Task data
· · · · · · ·
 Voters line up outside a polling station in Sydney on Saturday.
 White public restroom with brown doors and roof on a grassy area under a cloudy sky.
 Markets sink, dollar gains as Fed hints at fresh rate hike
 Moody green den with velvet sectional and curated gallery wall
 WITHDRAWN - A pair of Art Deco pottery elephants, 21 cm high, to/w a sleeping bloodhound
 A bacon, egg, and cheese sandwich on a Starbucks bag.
· · · · · · ·
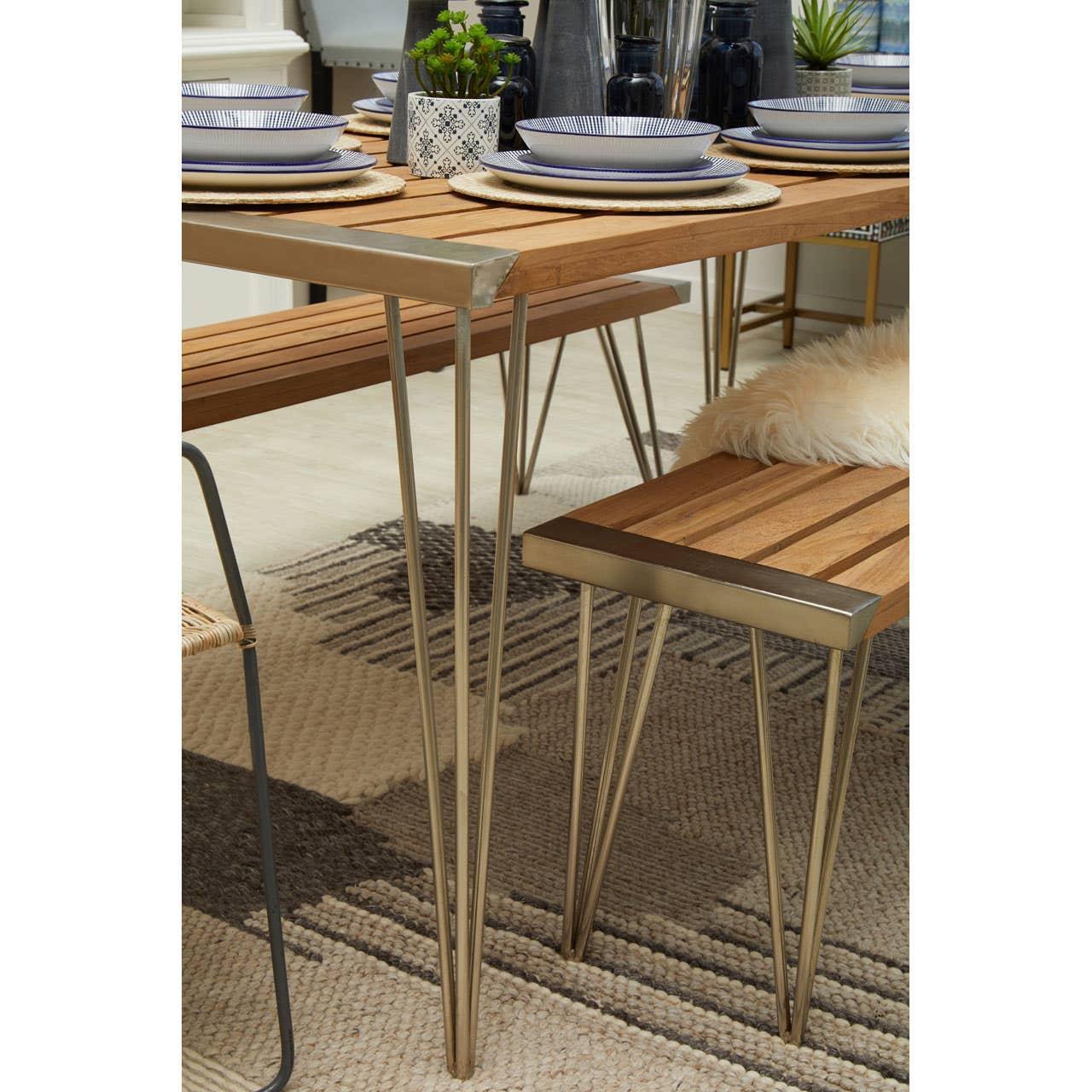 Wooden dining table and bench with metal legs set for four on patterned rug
· · · · · · ·
Your objective
Copy the records above exactly, beginning at the line that contains "Voters line up" and stopping after the line that contains "A bacon, egg, and".

Answer section
 Voters line up outside a polling station in Sydney on Saturday.
 White public restroom with brown doors and roof on a grassy area under a cloudy sky.
 Markets sink, dollar gains as Fed hints at fresh rate hike
 Moody green den with velvet sectional and curated gallery wall
 WITHDRAWN - A pair of Art Deco pottery elephants, 21 cm high, to/w a sleeping bloodhound
 A bacon, egg, and cheese sandwich on a Starbucks bag.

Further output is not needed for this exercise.